From the line that holds "Outdoor dining - AC" to the last line below, retype everything exactly and nothing else; omit pictures.

+ + + + + + +

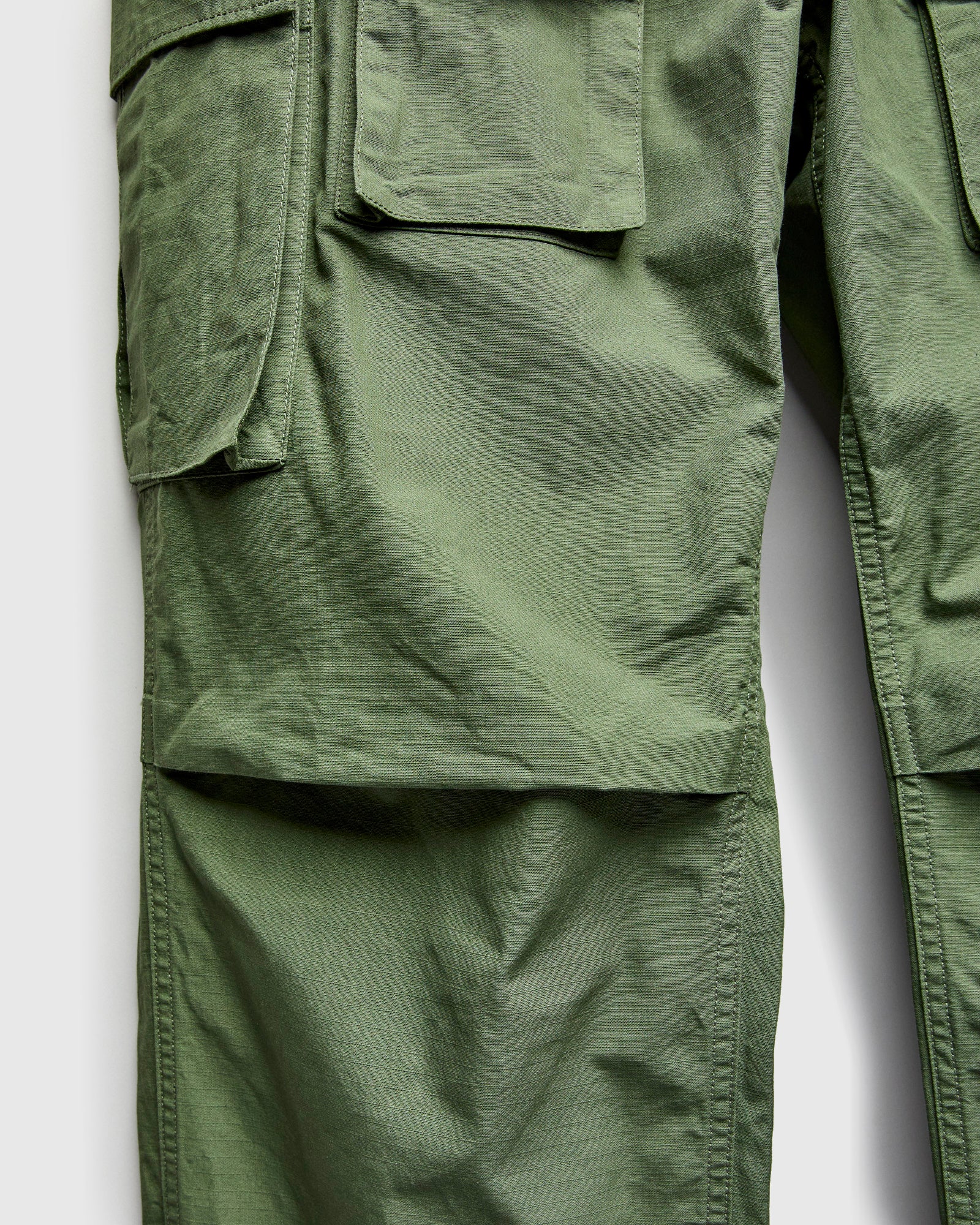 Cotton Ripstop FA Flight Cargo Pants in Olive - Image 7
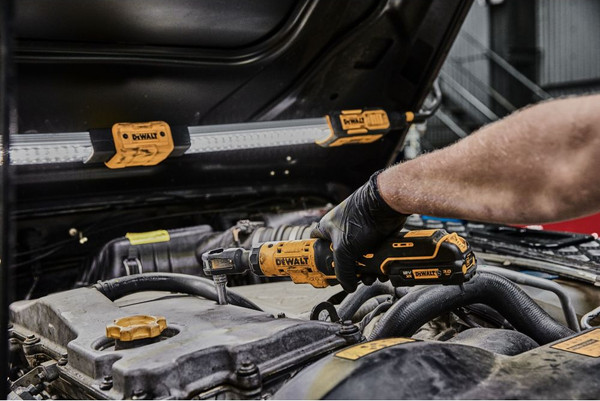 Профессиональный гайковерт DeWalt DCF504N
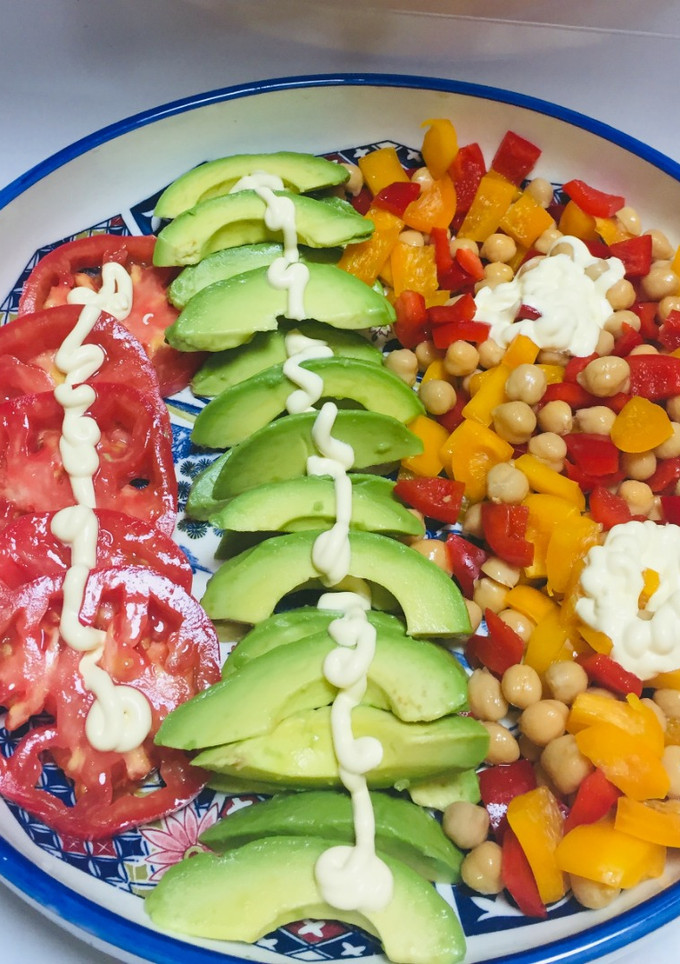 Una foto de Ensalada de Garbanzos con Pimientos, Aguacate, tomate!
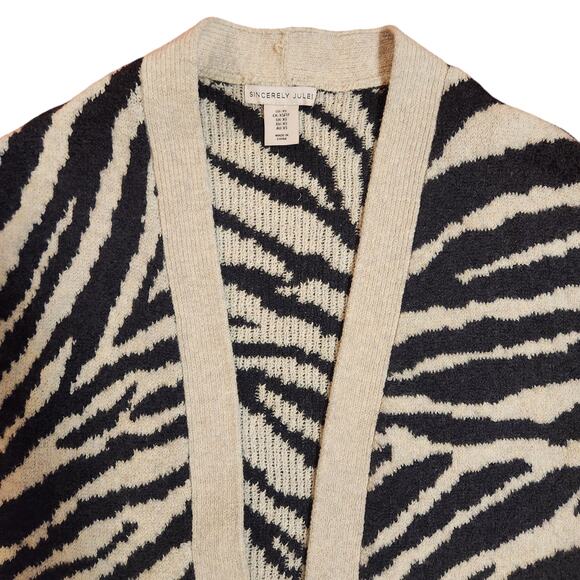 Sincerely Jules Animal Print Cardigan Sweater, size XS Zebra Print - Picture 4 of 9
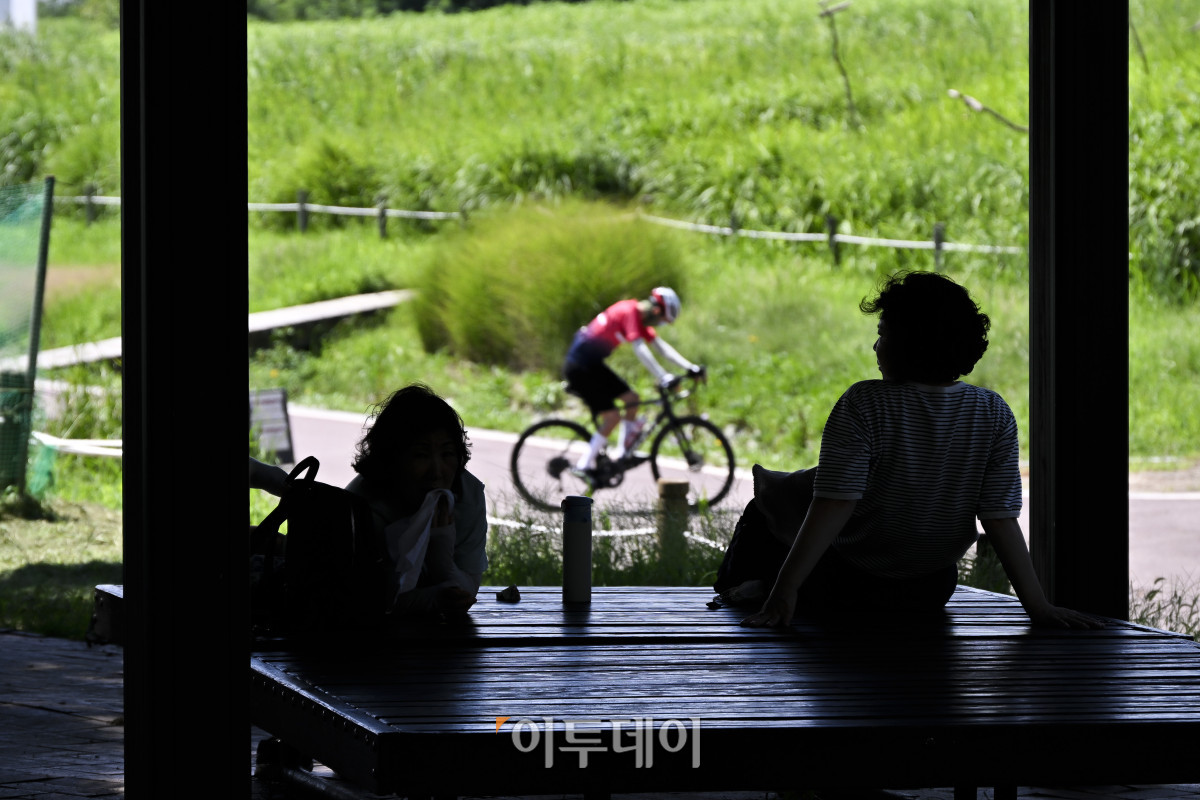 ▲가을에 접어들었음을 알리는 절기상 입추(立秋)인 7일 서울 마포구 하늘공원 정자에서 시민들이 더위를 피하고 있다. 이날 기상청에 따르면 비가 내리는 지역에서는 일시적으로 기온이 내려가겠지만, 습하고 체감온도가 높은 날씨가 이어지면서 당분간 최고체감온도가 31도 이상으로 올라 매우 무덥겠다고 밝혔다. 조현호 기자 hyunho@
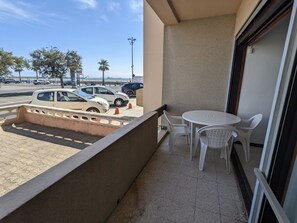 Outdoor dining - AC 2-room, 5 pers, Secure Parking, Seafront (Port-la-Nouvelle)
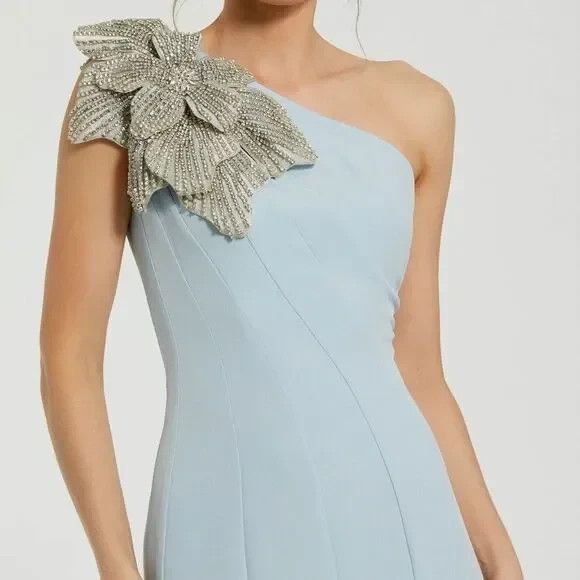Mac Duggal 11810 Crepe One Shoulder‎ Gown With Crystal Flower Powder Blue Sz 6 - Picture 2 of 10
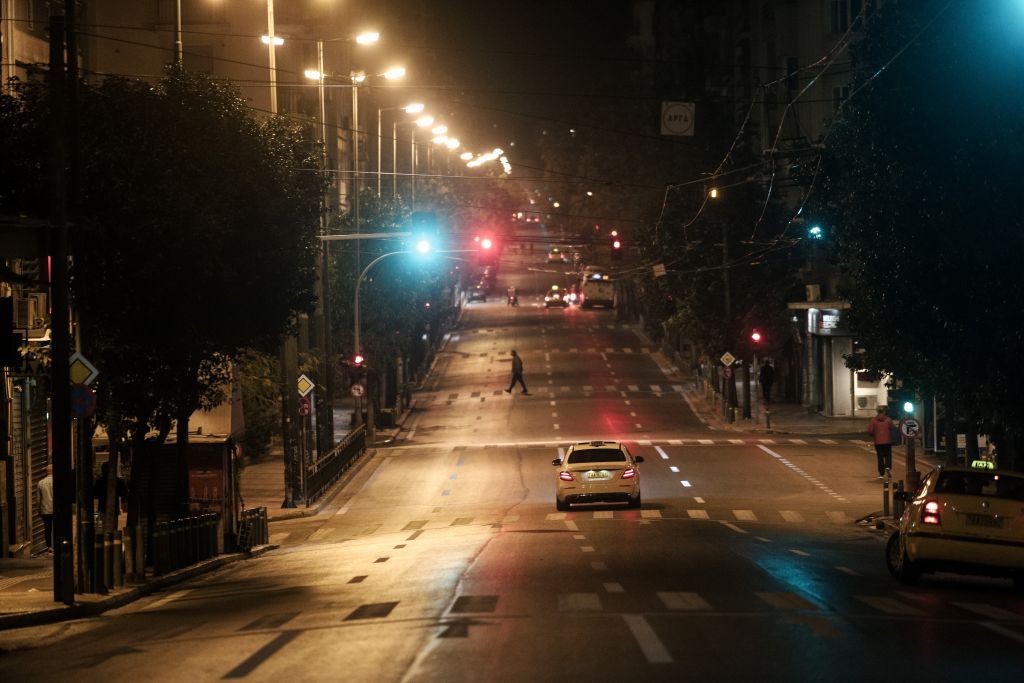 Ειδικοί: «Είχαμε προτείνει από την περασμένη Παρασκευή σκληρά μέτρα για την Αττική»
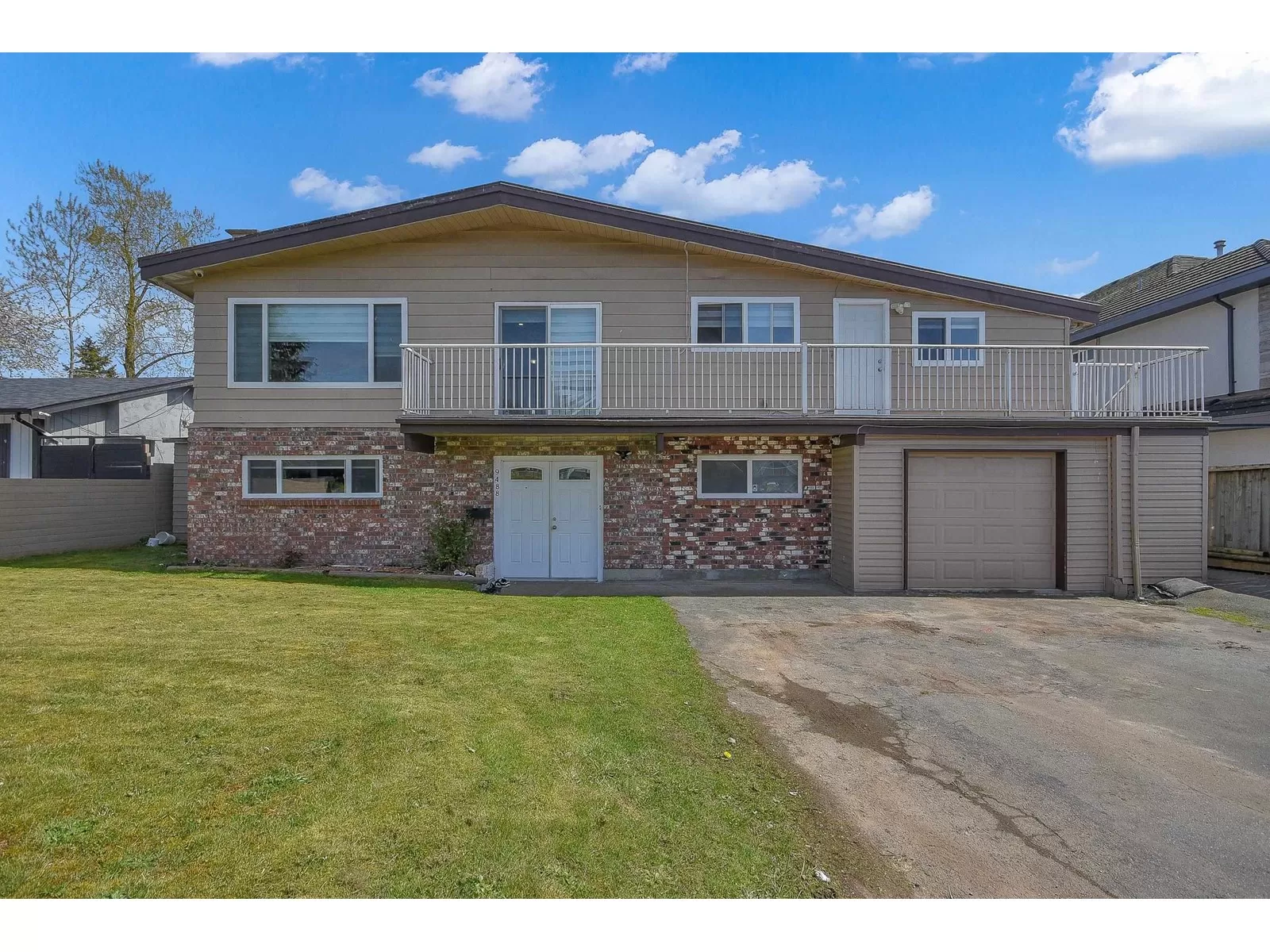 House for rent: 9488 127a Street, Surrey, British Columbia V3V 5K6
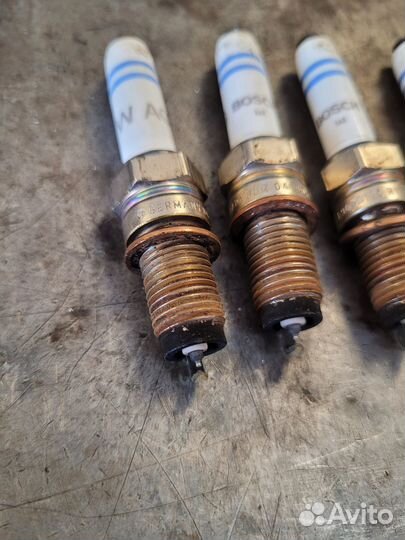 Свечи зажигания 04E905612C (VW 1.4 TSI)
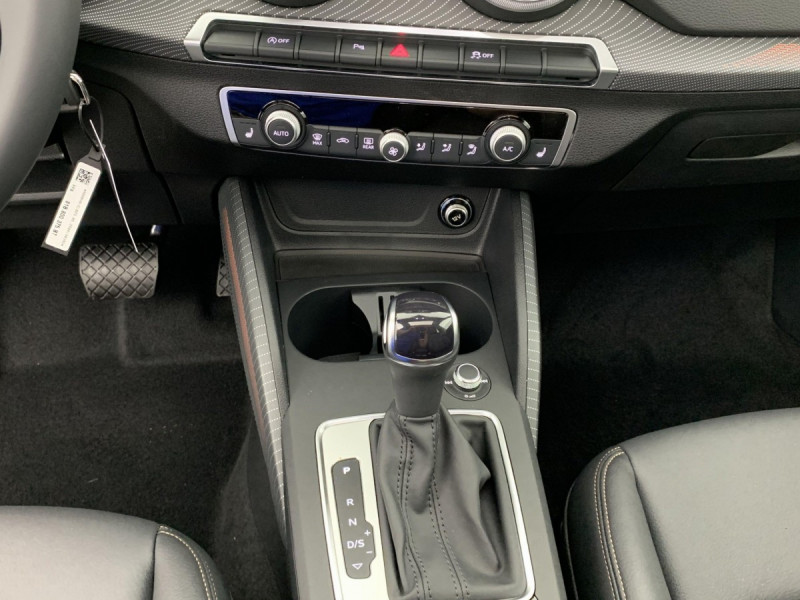 Photo 24 de l'offre de AUDI Q2 35 TFSI 150 S tronic 7 Design à 35598€ chez Carlyss automobiles Vitré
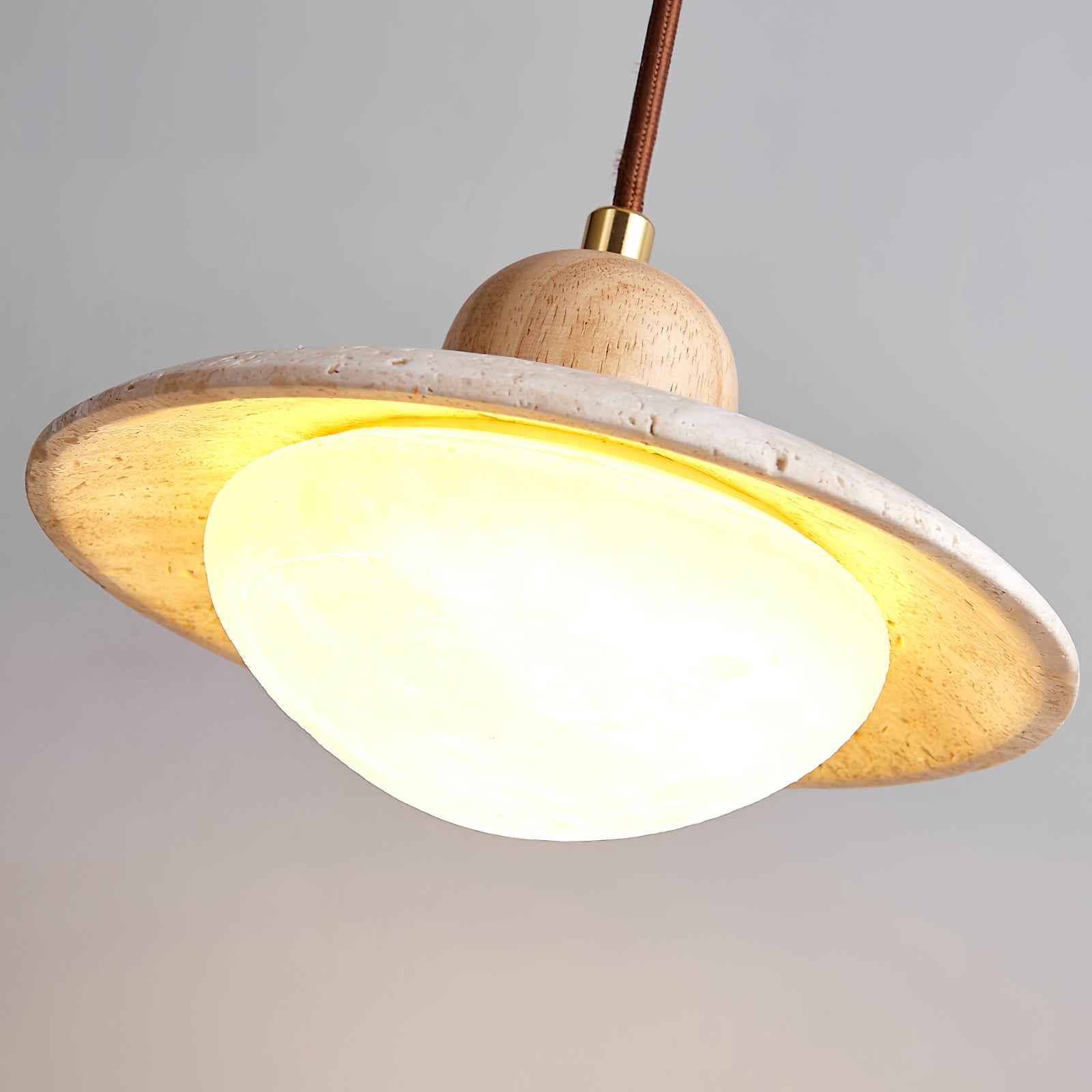 Detalle iluminado de la lámpara colgante Brim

+ + + + + + +

▸ **YOUR SOLUTION**
 Outdoor dining - AC 2-room, 5 pers, Secure Parking, Seafront (Port-la-Nouvelle)
Mac Duggal 11810 Crepe One Shoulder‎ Gown With Crystal Flower Powder Blue Sz 6 - Picture 2 of 10
 Ειδικοί: «Είχαμε προτείνει από την περασμένη Παρασκευή σκληρά μέτρα για την Αττική»
 House for rent: 9488 127a Street, Surrey, British Columbia V3V 5K6
 Свечи зажигания 04E905612C (VW 1.4 TSI)
 Photo 24 de l'offre de AUDI Q2 35 TFSI 150 S tronic 7 Design à 35598€ chez Carlyss automobiles Vitré
 Detalle iluminado de la lámpara colgante Brim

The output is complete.